The findings also indicate that since the start of the decade Scotland has ­outpaced other key UK tech hubs including the east of England – an area often ­labelled “Silicon Fen” – and the M4 corridor in the south-west of England.

Nixon Williams, the contractor ­accountancy provider, analysed data ­obtained from the Office for National ­Statistics.

It found that since 2009 the number of IT businesses in London jumped by almost 39 per cent, from 25,085 to 34,750. However, Scotland was right on its heels with growth of 32.3 per cent in start-ups, going from 4,930 to 6,520 tech enterprises since 2009.

The research discovered that Wales and the East Midlands were left wanting, recording respective growth rates of just 7.3 per cent and 8.8 per cent in the number of tech businesses formed since the end of the recession.

According to Nixon Williams, the Scottish electronics manufacturing industry contracted sharply following the bursting of the dotcom bubble in 2000. However, “Silicon Glen” has since diversified towards software development and services and is regaining its status as one of the UK’s most dynamic technology hubs.

London has seen its own technology cluster emerge in recent years, centred around a junction on the boundary of the boroughs of Hackney and Islington, colloquially known as “Silicon Roundabout” owing to the prominence of web-based companies located there.

Martin Brennan, practice manager with Nixon Williams, said: “The Scottish tech sector took a hammering after the dotcom bubble burst, but has since ­diversified away from electronics manufacturing.

“Software development and services now account for a much larger share of Silicon Glen’s output, and are typically less capital-intensive, meaning that start-ups can often get off the ground with minimal financing.

“Much of the focus in recent years has been on London, specifically Silicon Roundabout, which has emerged as a centre for digital start-ups, but regions like Scotland are now rivalling London in terms of growth.”

He added: “The advantage London has is access to markets and a large pool of ­talent, but the cost of doing business in the capital is significantly higher than most other UK regions. By contrast, the Central Belt of Scotland where Silicon Glen is situated has a lower cost base and is home to a large number of universities, which have a proven track record of spinning out tech start-ups.”

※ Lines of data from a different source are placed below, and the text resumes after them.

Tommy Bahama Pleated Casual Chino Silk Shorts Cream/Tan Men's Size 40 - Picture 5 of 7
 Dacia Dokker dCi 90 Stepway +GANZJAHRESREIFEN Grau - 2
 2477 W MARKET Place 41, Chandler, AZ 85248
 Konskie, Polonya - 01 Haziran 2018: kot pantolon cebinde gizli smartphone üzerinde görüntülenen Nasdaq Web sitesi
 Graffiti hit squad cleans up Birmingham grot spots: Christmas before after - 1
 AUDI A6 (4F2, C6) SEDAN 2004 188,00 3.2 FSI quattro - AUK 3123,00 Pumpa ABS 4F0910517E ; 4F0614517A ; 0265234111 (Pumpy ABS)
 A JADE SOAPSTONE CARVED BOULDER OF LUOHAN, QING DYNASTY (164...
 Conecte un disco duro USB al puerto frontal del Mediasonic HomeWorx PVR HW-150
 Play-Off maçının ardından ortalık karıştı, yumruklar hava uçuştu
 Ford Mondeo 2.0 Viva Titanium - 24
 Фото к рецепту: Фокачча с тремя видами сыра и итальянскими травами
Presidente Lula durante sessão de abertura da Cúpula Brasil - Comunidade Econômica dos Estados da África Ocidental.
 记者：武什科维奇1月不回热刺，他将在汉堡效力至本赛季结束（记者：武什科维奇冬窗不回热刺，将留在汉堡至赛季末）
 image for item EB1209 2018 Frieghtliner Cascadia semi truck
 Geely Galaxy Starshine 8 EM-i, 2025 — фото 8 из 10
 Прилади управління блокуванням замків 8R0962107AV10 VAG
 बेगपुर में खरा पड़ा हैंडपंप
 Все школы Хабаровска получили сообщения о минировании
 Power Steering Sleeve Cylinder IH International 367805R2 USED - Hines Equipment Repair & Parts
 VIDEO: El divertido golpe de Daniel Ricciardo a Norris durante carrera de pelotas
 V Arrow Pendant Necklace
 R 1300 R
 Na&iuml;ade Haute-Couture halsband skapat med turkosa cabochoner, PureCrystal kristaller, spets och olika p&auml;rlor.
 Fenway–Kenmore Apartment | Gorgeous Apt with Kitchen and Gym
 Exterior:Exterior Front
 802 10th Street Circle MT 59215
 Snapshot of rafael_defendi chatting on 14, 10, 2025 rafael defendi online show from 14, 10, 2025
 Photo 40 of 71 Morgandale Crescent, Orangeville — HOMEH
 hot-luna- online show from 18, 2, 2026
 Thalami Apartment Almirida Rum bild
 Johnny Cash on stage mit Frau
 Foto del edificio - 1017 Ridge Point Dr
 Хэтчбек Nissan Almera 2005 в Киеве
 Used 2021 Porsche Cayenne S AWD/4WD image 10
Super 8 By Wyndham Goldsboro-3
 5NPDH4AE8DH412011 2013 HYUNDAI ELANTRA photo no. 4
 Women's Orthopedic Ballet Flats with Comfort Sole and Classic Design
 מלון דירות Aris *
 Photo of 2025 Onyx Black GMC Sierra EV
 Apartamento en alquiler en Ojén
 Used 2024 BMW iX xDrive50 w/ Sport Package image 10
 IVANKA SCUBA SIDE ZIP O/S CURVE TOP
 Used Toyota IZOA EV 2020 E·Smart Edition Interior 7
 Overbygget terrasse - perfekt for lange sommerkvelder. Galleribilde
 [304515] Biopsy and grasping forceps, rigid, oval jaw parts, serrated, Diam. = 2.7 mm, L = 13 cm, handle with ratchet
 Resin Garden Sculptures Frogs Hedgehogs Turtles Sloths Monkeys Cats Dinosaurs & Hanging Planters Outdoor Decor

A recent jobs report from Bank of Scotland revealed that rates for IT contractors in cities including Glasgow and Dundee have surged in recent months as demand for such work north of the Border hit its highest level in a decade. Many key skills remain in short supply.

The Nixon Williams report also pointed out that while the London tech sector has received significant central government attention and support in the form of Tech City, a publicly-funded body to promote IT start-ups around Shoreditch and the Olympic Park, other established tech clusters elsewhere in the UK, including Silicon Glen, have been “comparatively overlooked”.